The other day I was walking along Pelham Parkway in the North Bronx, a wide corridor connecting Bronx Park and Pelham Park (thus its full name, the Bronx and Pelham Parkway). Modest one- and two-family homes, attached and unattached, and the occasional modest apartment building, line the parkway and the streets radiating from it. No one was around but for the birds and squirrels, the occasional person biking by or walking a dog. It’s a quiet stretch, and it was a quiet afternoon in an entirely unassuming, unremarkable residential neighborhood.
Then, at the corner of Westerveldt Avenue, I came upon a Christmas pageant, quietly biding its time in the most remarkable sort of way.
There were scores and scores of figures artfully arranged along the grounds of the single-family house.
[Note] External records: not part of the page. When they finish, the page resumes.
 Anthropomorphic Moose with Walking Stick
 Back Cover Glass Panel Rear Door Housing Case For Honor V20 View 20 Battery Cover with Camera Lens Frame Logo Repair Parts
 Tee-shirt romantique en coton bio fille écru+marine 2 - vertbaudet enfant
Jesus was surrounded by his heavenly entourage.
While the Virgin Mary (I think it’s Mary) supplicated them.
They were joined by a battalion of cherubs and angels…
…and, not surprisingly, a team of reindeer.
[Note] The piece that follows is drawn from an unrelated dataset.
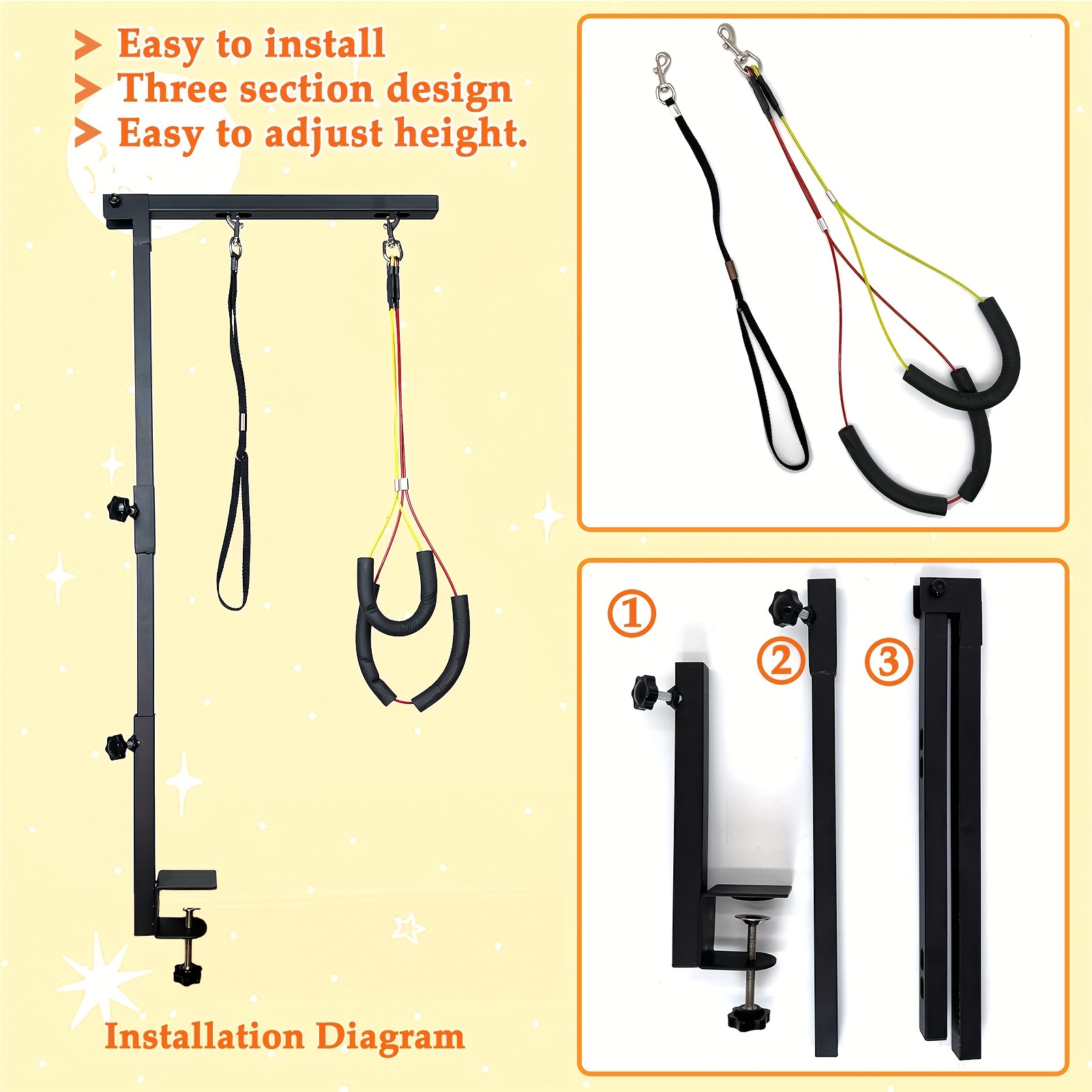 Adjustable 36" Dog Grooming Arm with Clamp - Sturdy Iron, No-Sit Haunch Holder, Three-Section Design for Medium, Small Dogs & Cats, Includes Colorful Ropes for Easy Positioning, Pet Grooming - Image 4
As I suspected, a house like this isn’t exactly a state secret. The Christmas House, as it is known in the neighborhood, has a website, and a facebook fan page; it has been written up in all the papers, and gets perennial mention as a seasonal attraction, a Bronx alternative to the blinding Xmas lights of Dyker Heights.
The Times reports that the Garabedian family has been mounting the display since 1974, as thanks to the lord after “something special happened to the family on Christmas Eve in 1973.” What that something special was the Garabedians prefer not to say.
In season, animated A-list mannequins—Elizabeth Taylor, Audrey Hepburn, Nicole Kidman, Michael Jackson, and so forth—join the year-round figurines. The rest of the year, they spend inside. According to the family website, “Almost every inch of the Garabedian’s house is decorated with Disney characters and chicly-dressed dolls, many in floor-length gowns and most bejeweled and coiffed like Hollywood models.”
“The Christmas display,” says the family website, “is truly a family affair.”
“Only one brother, Michael, has married. The remainder of the family lives at home, working for the family fashion design business when they’re not helping Gary with the dolls used in the Christmas spectacular. For decades now, it has been Gary’s job to dress, repair and store each doll each year. Unbeknownst to many, the display is labor-intensive, as the main stage of the ornate production has to be dismantled each night and re-mounted each evening, weather permitting.”
Here’s some footage of what the spectacle looks like in season, courtesy of Gothamist.
The ornate production, according to the Daily News, once blacked out the lights along Pelham Parkway, but Con Ed has worked with the family over the years to provide them with the 800 amps they need (enough, according to my back of the envelope calculations, to fire up 1,600 sixty-watt bulbs).
The Garabedians make the animated fiberglass figures themselves. It’s all their own handiwork, the molds, the painting, the costumes. “Some people think we are crazy and filthy rich. But really, we’re just religious people who work very hard,” Gary told the News. “The idea is that every time someone walks by they are in shock because the scene is perfect.”
In April, even with the stars inside, the speakers unplugged, and the floodlights dark, there is something just right about the tableau. Maybe it’s the way the still, silent figures are lit up effortlessly by the afternoon sun.